Dla wiekszosci chlopow taki pogrzeb to roczne albo i lepjej zaciskania pasa i jestem tego pewny .
ksiądz musiał wtedy studiować 12 lat zanim został księdzem, była ostra selekcja na poziomie moralnym i intelektualnym
Zydowski
Ciekawe co Pan Jezus na to ?
zapłacił podatek świątynny bez szemrania
za Siebie i za Piotra
godzien jest robotnik zapłaty swojej
młócącemu wołu nie zawiązuj pyska
@leaf427 nie można służyć Bogu i mamonie
Doucz się 😂
DZIEKUJE SERDECZNIE ------ ZMIANY ??? NIE CHCIWOSC KSIEZY JEST TAKA SAMA !!! ZYJA W LUKSUSACH MAJA SZYBKIE SAMOCHODY - DROGIE WYPOSARZENIE MIESZKAN / ANTYKI / ORAZ PROSTYTUCJA !!!
Pojechałaś w lewą stronę to już twoje chore urojenia bez przesady😮
Tak jest i teraz za kasę to nawet kota ochrzczą .

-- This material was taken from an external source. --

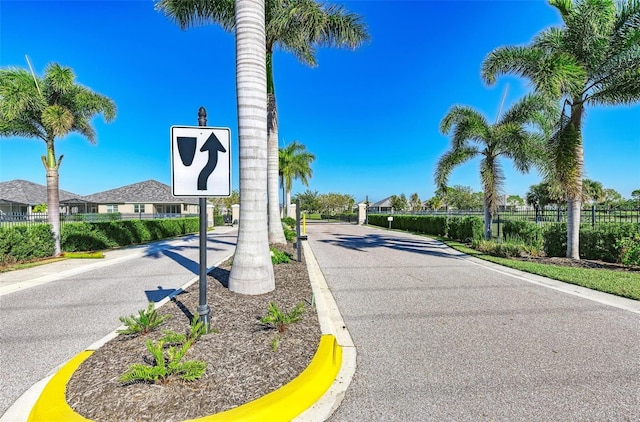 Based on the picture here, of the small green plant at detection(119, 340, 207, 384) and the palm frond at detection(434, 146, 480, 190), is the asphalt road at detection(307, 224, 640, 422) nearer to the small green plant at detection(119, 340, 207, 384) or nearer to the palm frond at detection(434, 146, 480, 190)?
the small green plant at detection(119, 340, 207, 384)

I nikt nie pomyślał aby sukienkowe go wykopać (dziś też) gdy zbyt pozerny.
No więc właśnie nie każdy z nich jest pazerny, a od pazernego to z daleka ;) Nie on jeden taki "czarny" na świecie? Dla siebie bym nie musiał, ale jak kiedyś potrzebowałem-no bo rodzina, znajomi patrzą i tego oczekują, tradycja itd.-to od takiego co mi robił pod górkę zwyczajnie wstałem, wyszedłem i spokojnie znalazłem normalnego, bardzo przyzwoitego człowieka. Serio :) Do dzisiaj pamiętam zdziwko tego pierwszego, szczenę powinien sobie w tym momencie przywiązać. U mnie krótka piłka: co łaska albo bez łaski. Nikt mi nie będzie wybrzydzał? Cenniki, targi?! To nie jarmark. Słyszałem ile biorą i tyle dałem, bez problemu.
Niejeden dostał po łbie jak było ciemno.
Gacie weszły mi między pośladki
Utkwiły w rowie i nie mogę wyciągnąć
No to katabasy strzygli owieczki bezlitosnie i nic sie nie zmienilo od 300lat.
Oni i tak to mają,tam gdzie Słońce nie dochodzi.